Measurement of the brain water content
Brain oedema was evaluated by measuring brain tissue water content using the wet-dry weight method as described previously [17]. Animals were sacrificed 7 days after TBI, and the left brain cortical tissue was collected. The brains were harvested, and the pons and olfactory bulbs were removed. The tissue was positioned directly over the injury site, covering the contusion and the penumbra.
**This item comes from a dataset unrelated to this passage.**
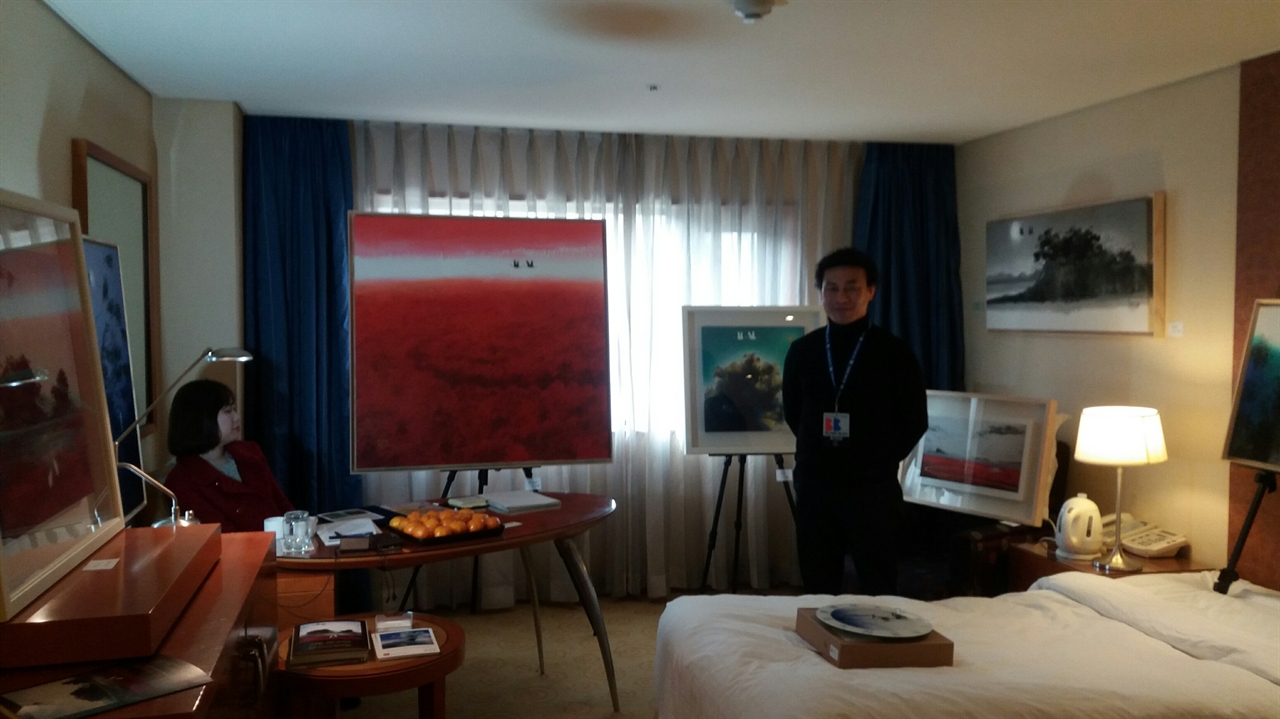2015 올해의 주목할 예술가상을 수상한 장안순씨가 작품을 설명하고 있다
The fresh tissue was weighed to record the wet weight, dried for 72 h at 80°C, and then weighed again to record the dry weight. The brain water content was calculated using the formula: [(wet weight-dry weight)/wet weight]×100%.
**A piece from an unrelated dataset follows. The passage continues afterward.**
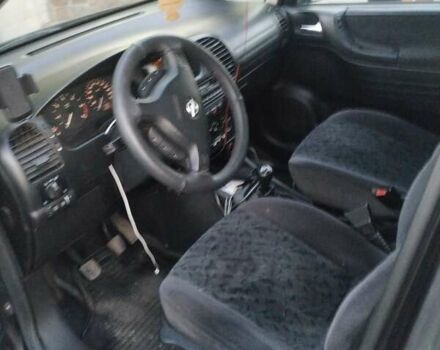 Черный Опель Зафира, объемом двигателя 2.2 л и пробегом 461 тыс. км за 4000 $, фото 6 на Automoto.ua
Quantitative real-time PCR
Total RNA was isolated from microglia or tissue using TRIzol (Invitrogen, Carlsbad, CA, USA) before being washed with PBS and reverse-transcribed to cDNA with the PrimeScriptTM RT Reagent Kit (Thermo, USA) according to the datasheet from manufacturer. Gene products were then amplified by quantitative real-time PCR on an ABI-Prism 7500 Real-Time PCR System (Applied Biosystems, Carlsbad, CA, USA) using SYBR Premix Ex Taq TM II (Takara). The relative level of miR-873a-5p (MQP-0101, RiboBio, China) was normalized to the expression of control U6 snRNA (MQP-0201, RiboBio, China). Other mRNAs were normalized to the internal standard GAPDH. The primers are as follows. Data were analysed using the 2−ΔΔCt method.
Name
|
Primer sequence
|
IL-1β
|
Forward, AGAACCAAGCAACGACAAAATAC
|
Reverse, GTATTGCTTGGGATCCACACTC
|
IL-6
|
Forward, GGAGCCCACCAAGAACGATA
|
Reverse, CAGGTCTGTTGGGAGTGGTA
|
TNF-α
|
Forward, GGATTATGGCTCAGGGTCCA
|
Reverse, ACATTCGAGGCTCCAGTGAA
|
iNOS
|
Forward, CATTCAGATCCCGAAACGCT
|
Reverse, TGTAGGACAATCCACAACTCGC
|
IL-4
|
Forward, GTAGGGCTTCCAAGGTGCTTC
|
Reverse, CATGATGCTCTTTAGGCTTTCCAG
|
IL-10
|
Forward, ACCTGGTAGAAGTGATGCCC
|
Reverse, ACACCTTGGTCTTGGAGCTT
|
Arg1
|
Forward, GCATATCTGCCAAAGACATCGT
|
Reverse, TCTTCCATCACCTTGCCAATC
|
CD32
|
Forward, TGTCACTGGGATTGCTGTCG
|
Reverse, CCCCAGAGGGCTGTCTGTAC
|
CD206
|
Forward, CGTTTCGGTGGACTGTGGA
|
Reverse, GTTGTGGGCTCTGGTGGG
|
GAPDH
|
Forward, TGAAGGGTGGAGCCAAAAG
|
Reverse, AGTCTTCTGGGTGGCAGTGAT
|
Immunofluorescence staining
Cells or tissues were incubated with GFAP, Iba1, CD9, Arg1, or iNOS antibodies (Abcam, USA) overnight at 4 °C and then incubated with conjugated secondary antibody for 1 h at room temperature in the dark. After several washes with PBS, the slides were incubated with DAPI for 3 min and then mounted in glycerol. After mounting, immunofluorescent signalling was observed with an Olympus Fluoview laser scanning confocal microscope (Olympus, Tokyo, Japan), and the percentages of positive cells were counted in a blinded manner using ImageJ.
Statistical analyses
All data are expressed as the mean±standard deviation. The programmes GraphPad and InStat were used for statistical analyses. One-way ANOVA followed by Newman–Keul’s post hoc test was used for multiple comparisons. A nonpaired t-test was used when two groups were compared. Two-way ANOVA was used to compare the NDs between the three groups at different time points.